Razoharinoro-Randriamboavonjy précise, en se référant à la thèse de doctorat du Pr Musaka Mutibwa Phares, que Radama II est soutenu dans sa politique de « progrès » par un groupe qui comprend ses ministres des Affaires étrangères Rahaniraka puis Rainimaharavo, et des conseillers comme les frères Rainivoninahitriniony (Raharo) et Rainilaiarivony. Elle souligne : « Ce groupe de modernistes était sincèrement partisan de l’ouverture, pourvu qu’elle contribuât efficacement au développement et à la civilisation du pays. »

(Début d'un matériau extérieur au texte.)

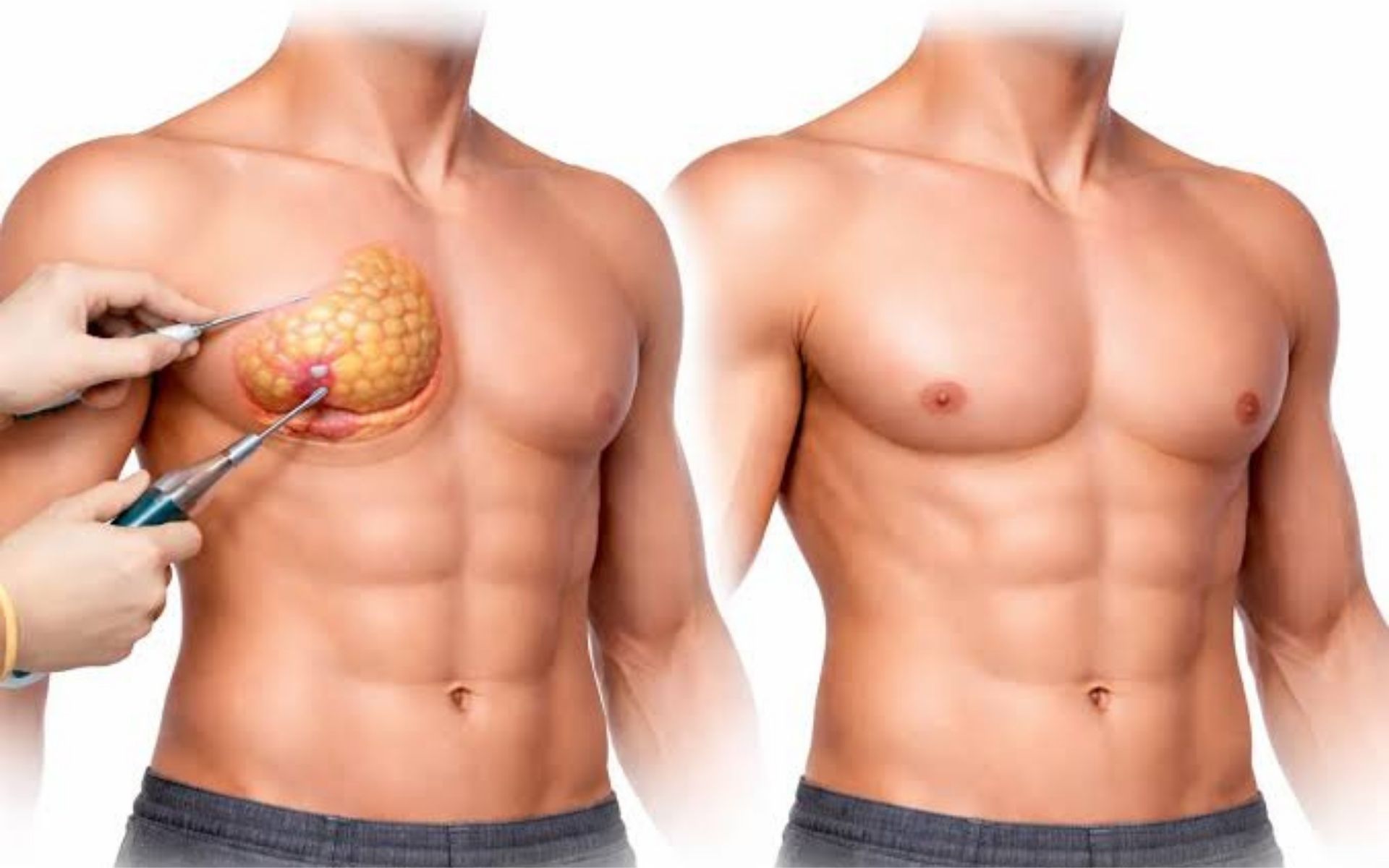Male Breast Reduction Gynecomastia Surgery Guide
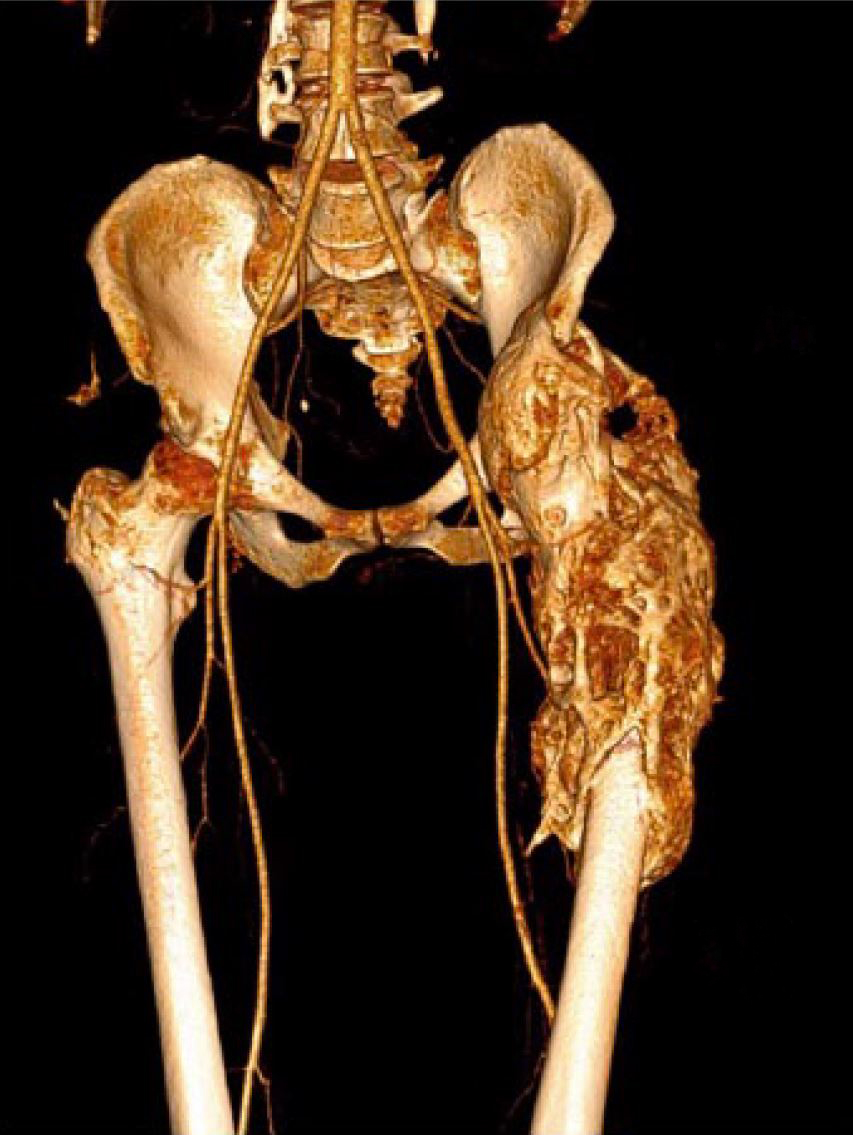 Scan of a hip affected by NHO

En face des modernistes, se tient le groupe des traditionnalistes et conservateurs dirigé par Rainijohary, un des Premiers ministres de Ranavalona 1ère. Ce dernier groupe se méfie beaucoup de la nouvelle tournure des choses. En fait, les conservateurs désapprouvent la liberté accordée par l’octroi aux étrangers de privilèges exorbitants au moyen de chartes et traités. En particulier, le droit qui leur est accordé de posséder des terres est une « mesure inadmissible », car elle va à l’encontre de la loi fondamentale du pays.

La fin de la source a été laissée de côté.